Taking time to review your account beneficiaries can do more than just make sure your wishes are met, it can also save your loved ones a significant amount of hassle or surprise when you pass. While all these decisions should be discussed with an estate planning attorney, here are some common issues we’ve helped our clients avoid.

Why beneficiaries matter

Most retirement accounts are composed of tax-advantaged savings, such as pre-tax 401(k) or IRA funds, or Roth savings. As such, when the account owner dies, and a non-spouse inherits the funds, certain rules apply as to how the funds can be distributed. Often, someone who inherits the account must take out a specified, required minimum distribution each year. For pre-tax savings, that beneficiary must also pay tax on it. So correctly aligning your beneficiaries not only means the right people inherit your savings, but it also means that they receive the proper tax treatment.

Not naming any beneficiaries

Likely the biggest mistake you can make is not naming any beneficiaries at all. If this happens, your retirement account will flow through your estate, and it won’t be eligible for stretch distributions that occur over your beneficiary’s life expectancy. At a minimum, you want to have a beneficiary on the account other than your estate.

Not naming a contingent beneficiary

In many cases, the primary beneficiary on a retirement account is a spouse. But may folks stop there, not listing someone else in the event they’re pre-deceased by their primary beneficiary, or pass simultaneously. Keeping up-to-date contingent beneficiaries on your accounts spares your IRA or 401(k) from processing through your estate and losing its tax advantaged form.
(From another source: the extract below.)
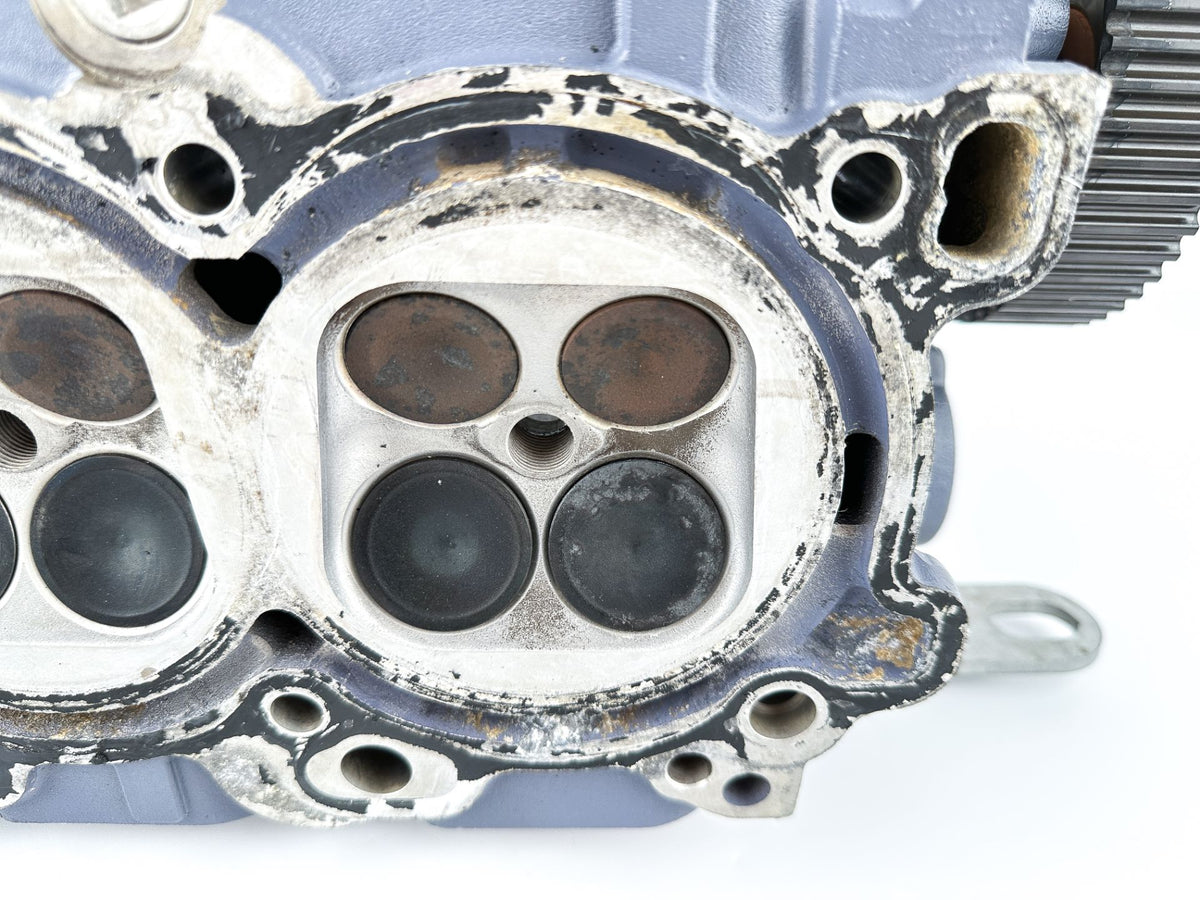 2003 Yamaha 225 HP 4 Stroke Outboard Port Cylinder Head 69J-W009C-01-1S OEM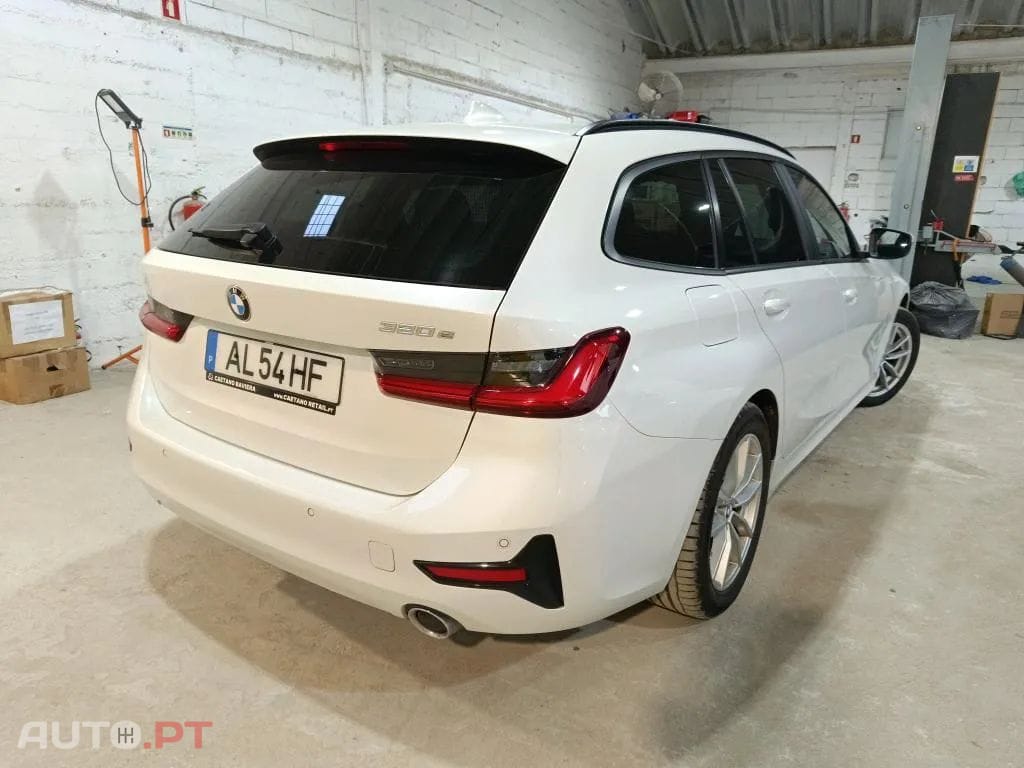 BMW 320 e Touring Corporate Edition Auto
Not updating beneficiaries

Another common error that crops up relates to beneficiary maintenance – ensuring that your beneficiaries match your wishes. Common instances include divorce, a new marriage, or the birth of a loved one. Reviewing your beneficiaries at these crucial life junctures is an important exercise.

Naming someone to ‘take care’ of the funds for a minor child

Many parents with minor children don’t want them to inherit retirement funds out-right, and rather list the child’s aunt or uncle, or grandparents as the primary beneficiaries on accounts. This is a can be a major mistake with adverse tax consequences.

Parent’s of minor children should consider listing a trust as the contingent beneficiary.  That way they can control the assets and distribution requirements according to their wishes. It’s important to work with a qualified estate planning attorney and a financial advisor to establish the trust and ensure it cooperates with the required minimum distribution rules in the tax code.

Naming the ‘wrong’ beneficiaries

Finally, if you plan to leave a portion of your retirement savings to charity upon passing it’s important to make sure you’re leaving the charity the right type of accounts. For example, say you’ve amassed a sizeable IRA account, and even have a Roth you’ve funded over the years. One option to consider is leaving a portion of the IRA to charity, while earmarking the Roth funds for your other beneficiaries. With charities being tax-exempt, they don’t stand to benefit from tax-free Roth savings.

Any decision about beneficiaries should be made in consultation with your estate plan. Consider reviewing all your beneficiaries annually and whenever significant life changes occur.